Ured's C&P-ed questions said:
Some scientists have identified a serious problem with the larger Mega Fauna (mega fauna are animals weighing more than 100 pounds). From what we know about gravity and muscle strength, the bird with the 30 ft wingspan for example should not have been able to get off the ground.
hehe, what birds?
there's a bunch of flightless extinct birds,
and then there's the Andean Giant Condor, that died out when main wind directions changed and the additional lift for takeoff was lost.
Yet, it was not a flightless bird.
What 'it'?????
Another animal that could fly, the Pteradactyl and its cousins had wingspreads of up to nearly 60 feet. Although the wings folded, what did they do with them while on the ground?
THe style already tells the tale - someone who's so clueless about taxonomy is also clueless about the rest of the subject.

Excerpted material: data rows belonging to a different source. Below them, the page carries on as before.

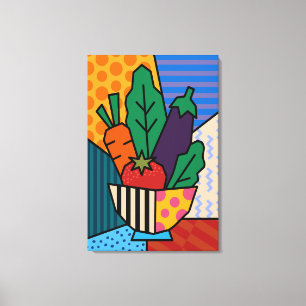 Farbige Pop-Art-Gemüse-Leinwand Retro-Küche Leinwanddruck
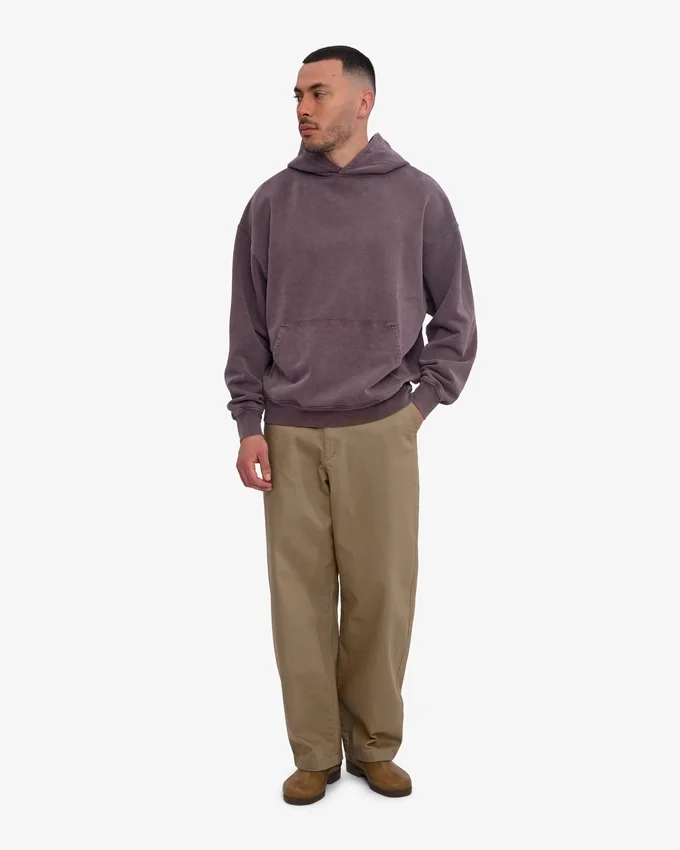 Sudadera con capucha oversize de algodón orgánico - Uva descolorida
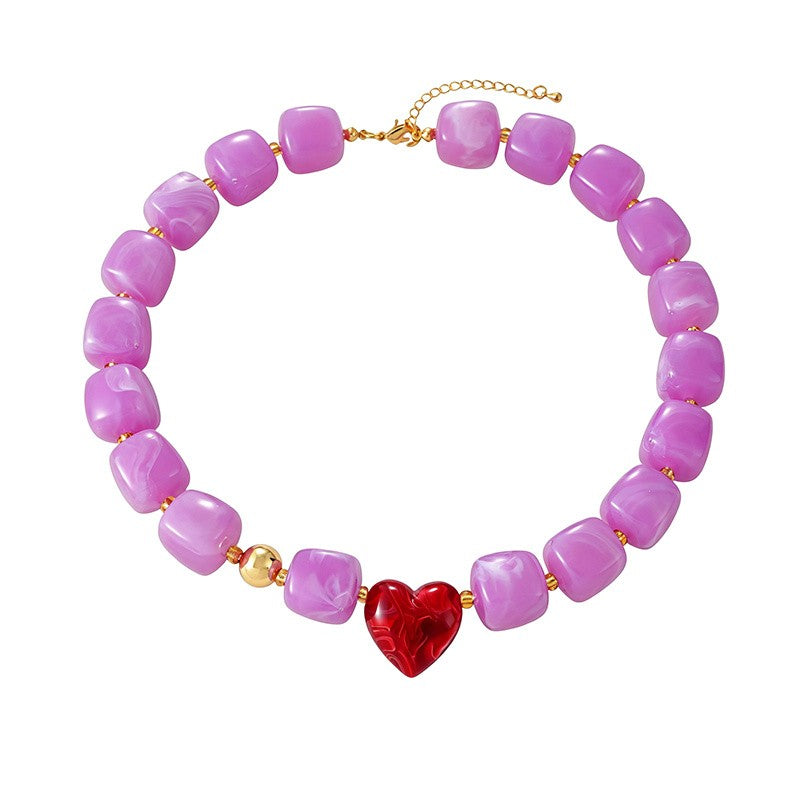 18k Boho Resin Heart Beaded Necklace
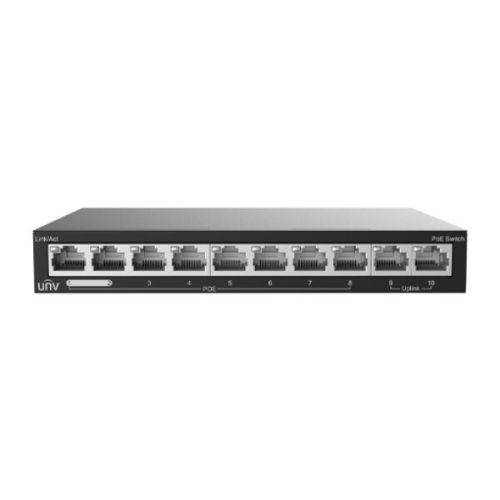 Uniview - 10 portos (8+2) 10/100Mbps-es, PoE Switch, 15W/port,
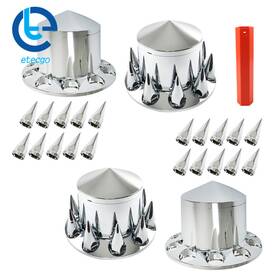 712356 Etecgo 33mm Spiked Axle Cover Set Chrome Rear Complete Wheel For Semi Truck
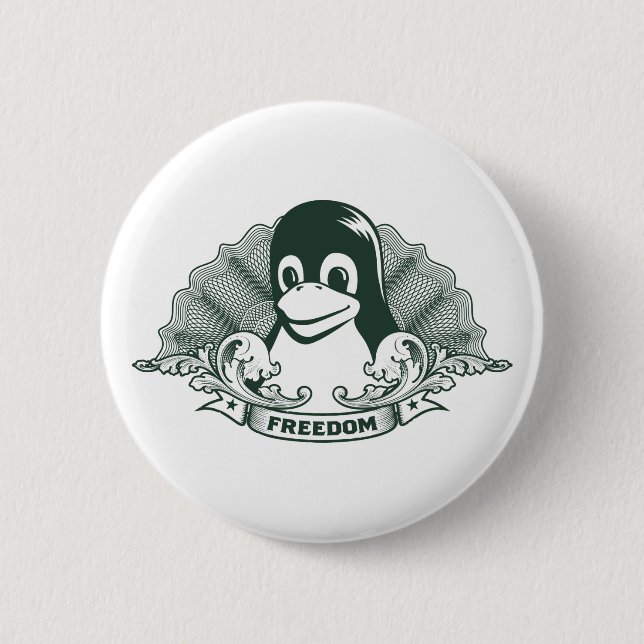 Bóton Redondo 5.08cm Tux Penguin - (Linux, Open Source, Copyleft, FSF) (Frente)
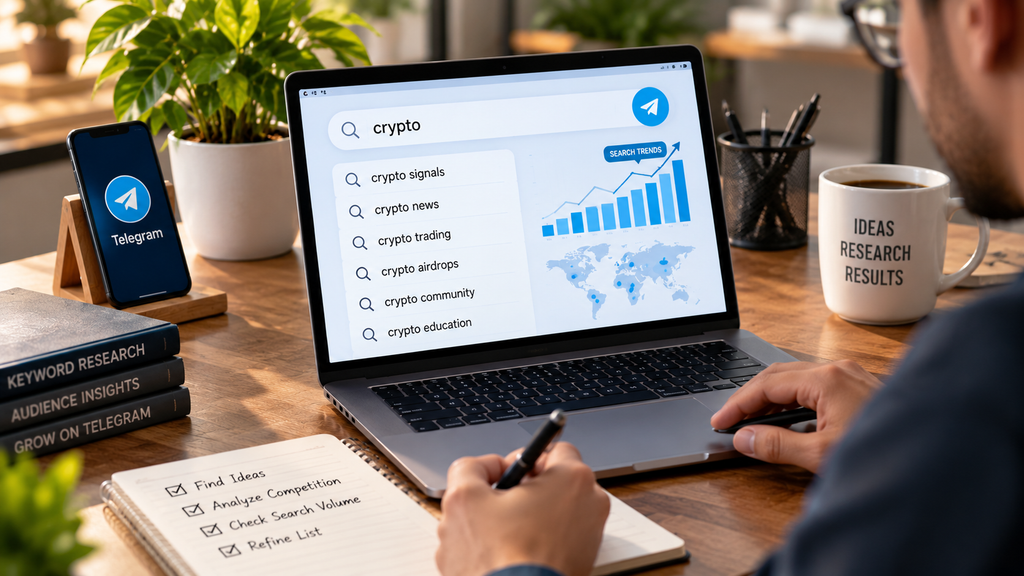 Realistic workspace showing Telegram keyword research with search suggestions, trend analytics, audience insights, and keyword planning notes.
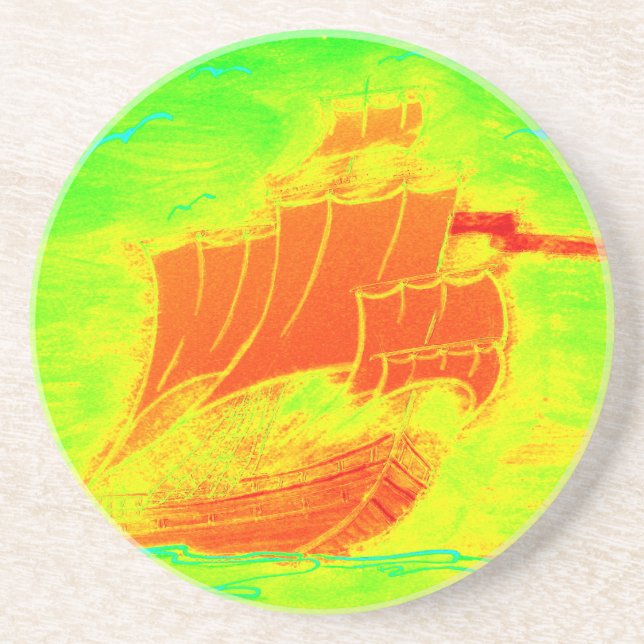 fluorescent sailboat coaster (Front)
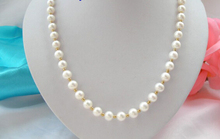 Популярное длинное Круглое Белое пресноводное жемчужное ожерелье vogue 21 дюйм 9 мм 2024 - купить недорого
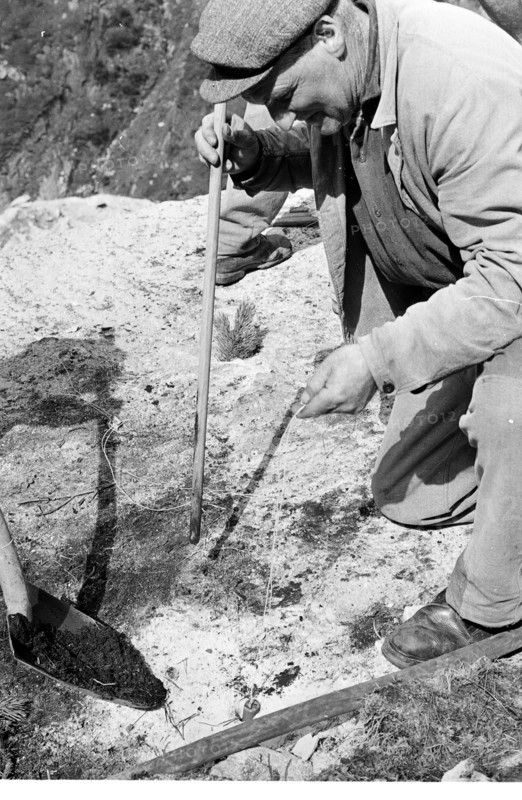Blasting after rockfall on the Gotthardstrasse in 1969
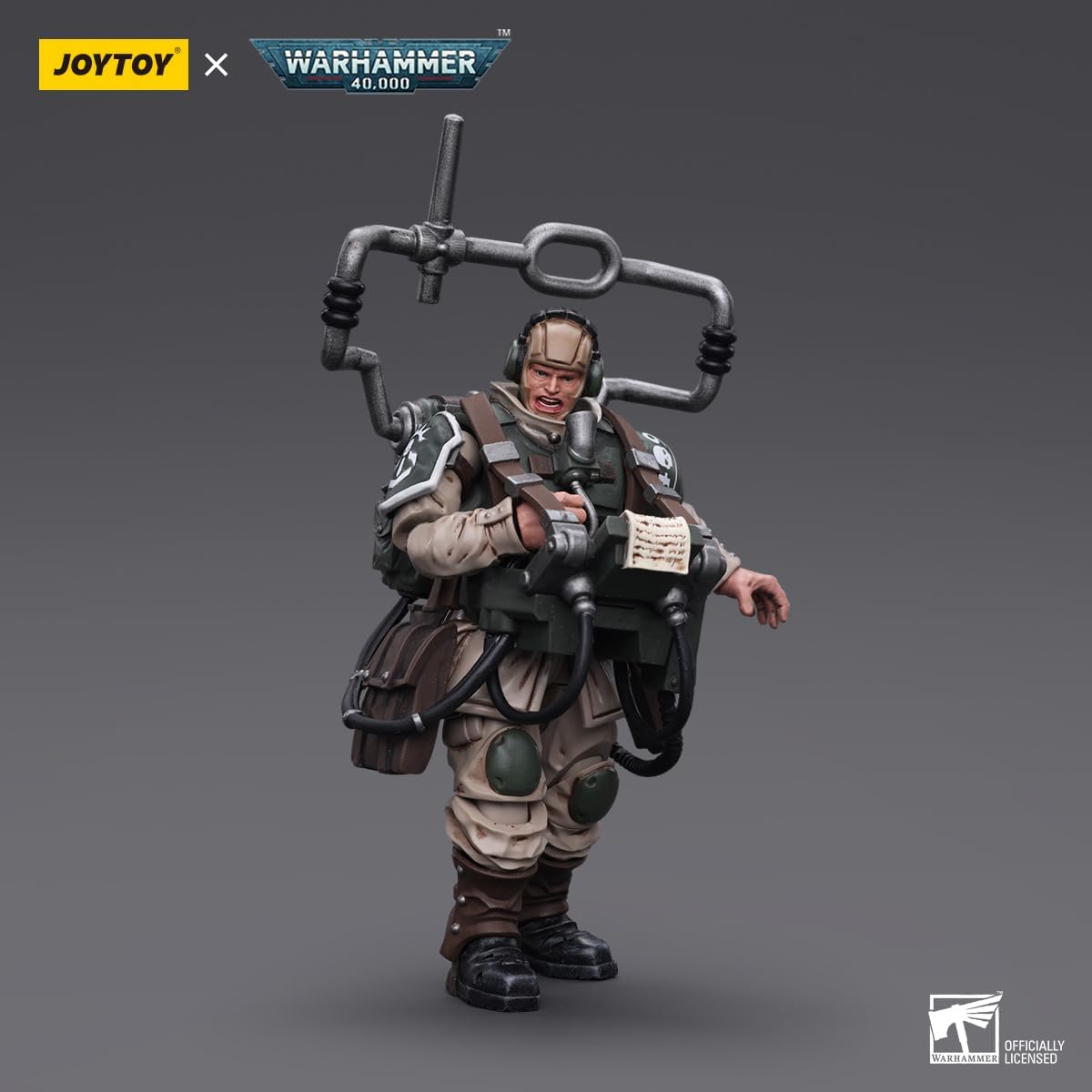 JoyToy Astra Militarum Cadian Veteran with Master Vox action figure side angle view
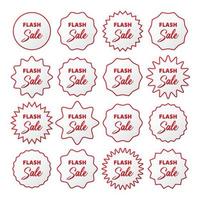 set of flash sale label badge vector design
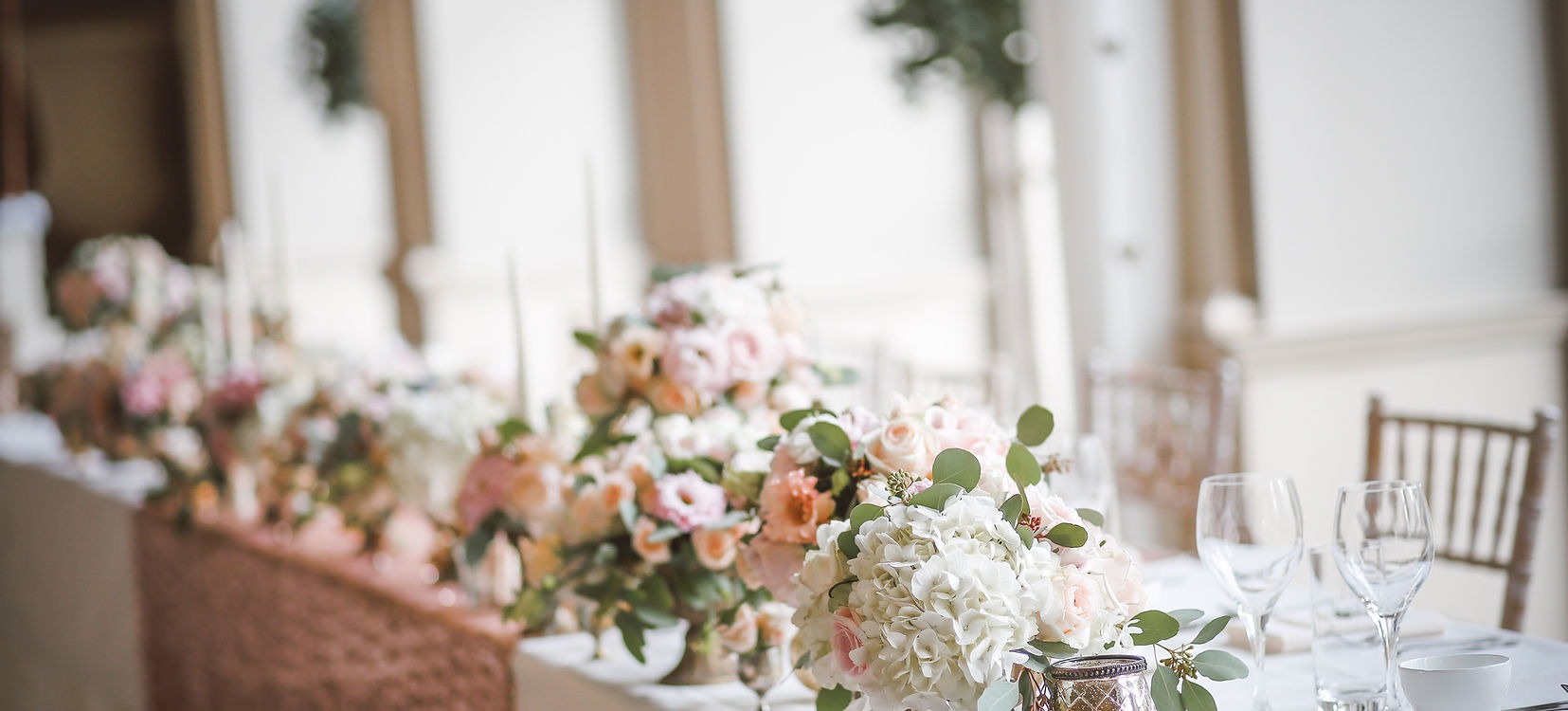 floral arrangement at reception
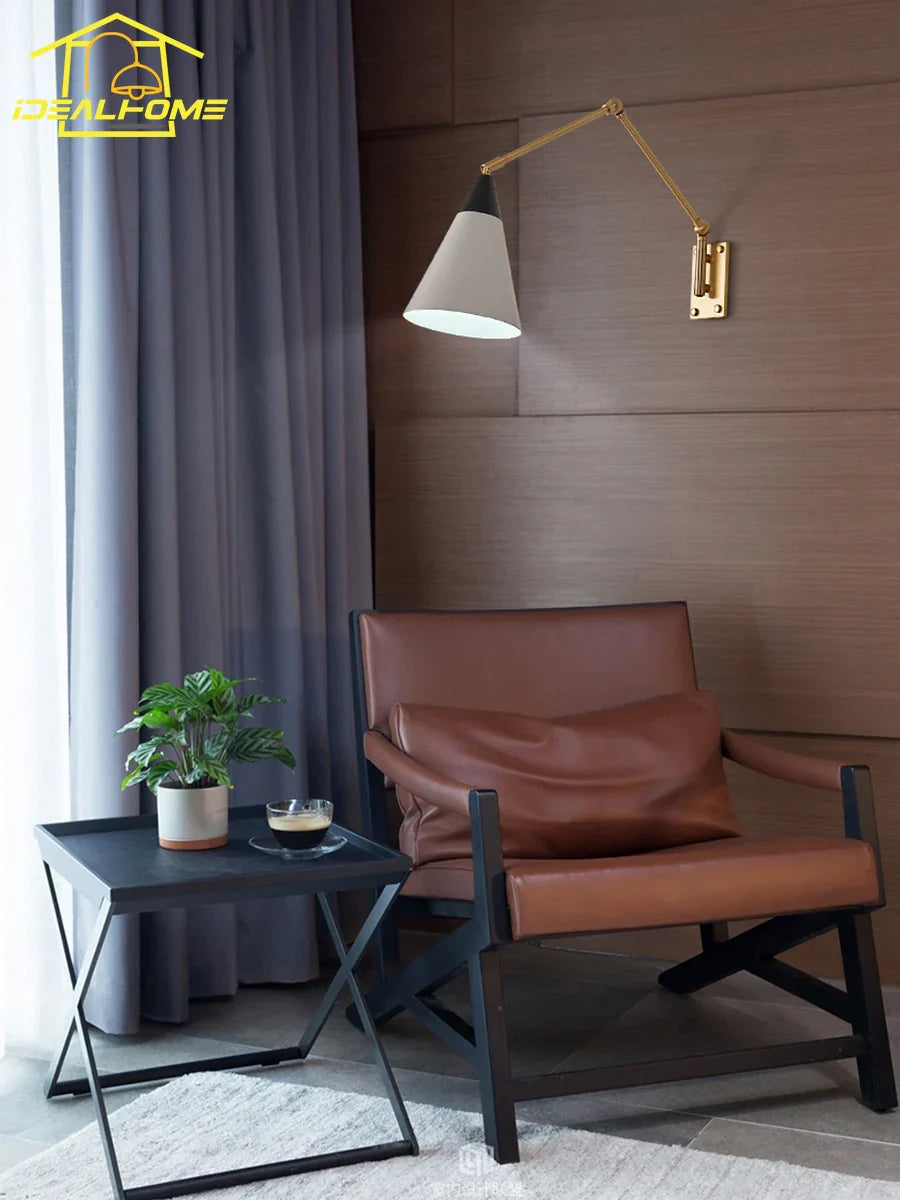 Gold Lustre Copper Swing Arm Wall Lamp LED E27 for Villa Bedroom Study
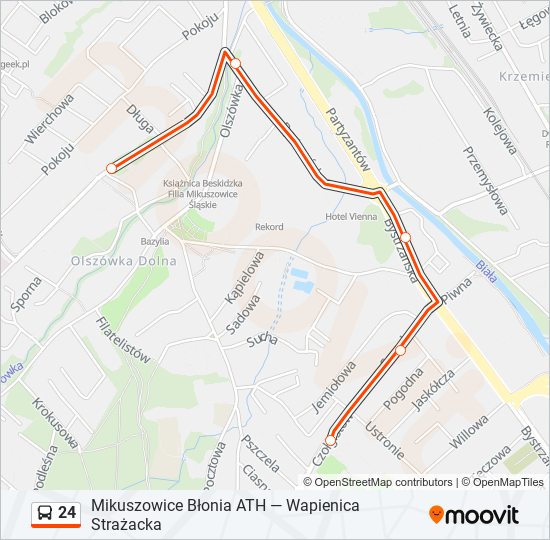 Mapa linii autobus 24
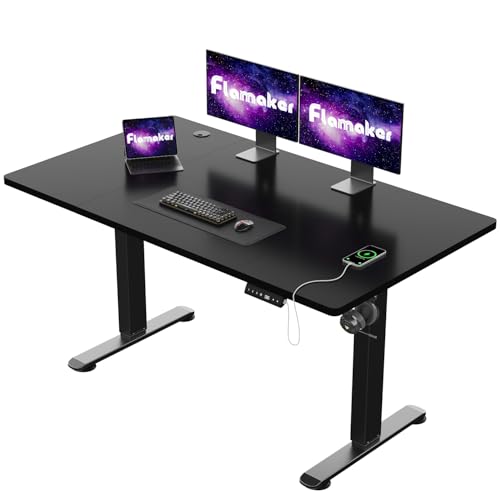 Flamaker Höhenverstellbarer Schreibtisch 140x80cm, 72-118cm Elektrischer Stehschreibtisch mit Kabelablage, Sitz-Steh-Gedächtnis-Bürotisch mit Kopfhörerhaken, Schwarz von Flamaker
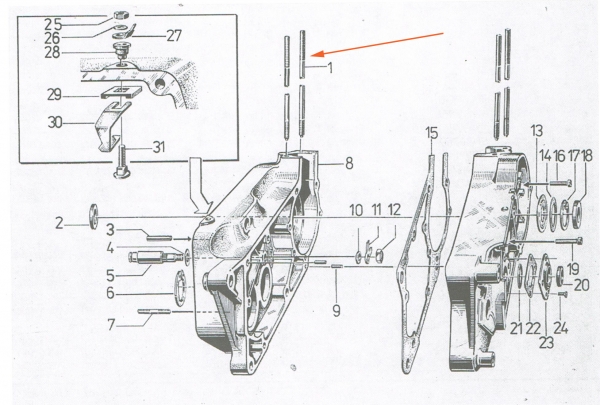 Zuganker, Stiftschraube, Zylinderstehbolzen (M6x126mm), Simson S51, KR51/2, SR50, S70, S53, MS50, E930, SL1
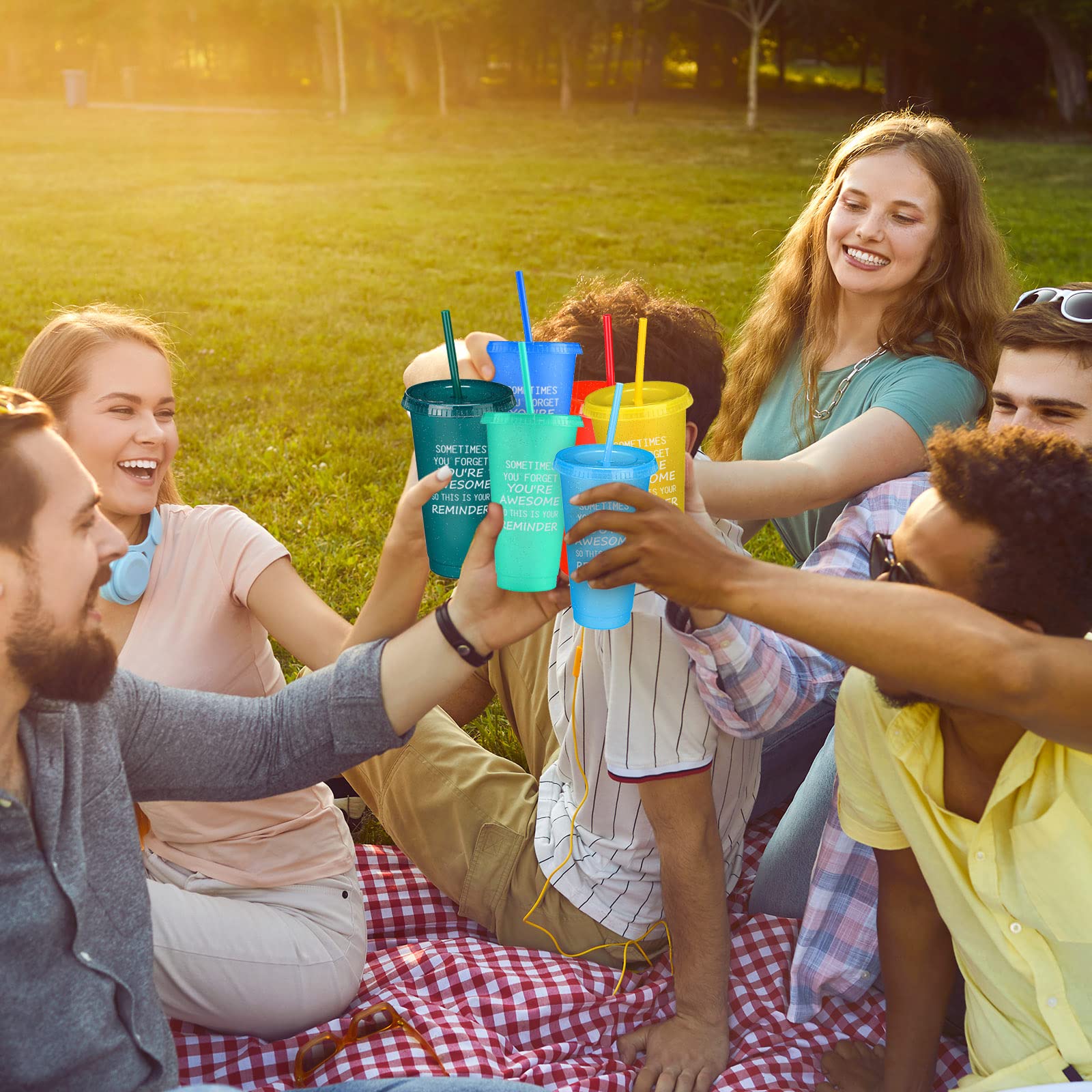 Gerrii 20 Pcs Thank You Gifts You Are Awesome Tumbler with Straw and Lid Inspirational Reusable Cup Glitter Plastic Tumblers Travel Mug Appreciation Gifts for Coworker Colleague Employee (24 oz)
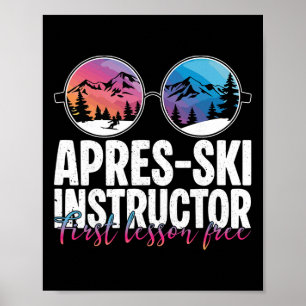 Poster Moniteur Apres Ski Première Leçon Drôle Ski Skiing
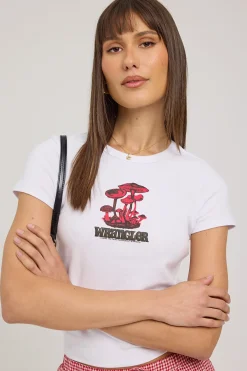 Shroom Staple Rib Tee Optic White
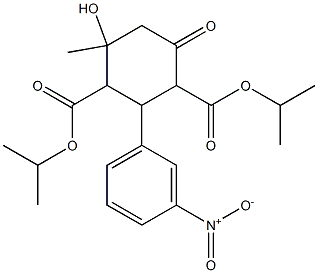 bis(1-methylethyl) 4-hydroxy-2-{3-nitrophenyl}-4-methyl-6-oxocyclohexane-1,3-dicarboxylate Struktur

Simple answer: they folded the wings and walked quadrupedally, you dumbass

(note: this is not directed at Urederra, but at the original author, who is a dumbass).
The very largest birds today who weigh just a fraction of what that bird weighed, and they get into the air with some difficulty.
So???
Other animals, particularly the very large dinosaurs should have had quite a bit of trouble moving those vast amounts of weight around.
erhm, dinosaurs didn't fly, except for the tiny ones,
dumbass!
The larger elephants living today seem to be almost at the extreme of supportable body weight versus muscle strength,
Maybe to a dumbass like you, dumbass!
yet many of the dinosaurs weighed many times more.
Indeed!
Now let's all celebrate - the dumbass got a fact correct!
The Hornless rhino was almost eighteen feet high and 27 feet long. It was probably by far the biggest mammal ever. How did its legs support that kind of weight?
As all legs do - through bone, muscle and ligaments.....
How could an animal that big be strong enough to get up once it had laid down?
By having, dear dumbass, sufficient muscles
Urederra, thank you for bringing this gem up!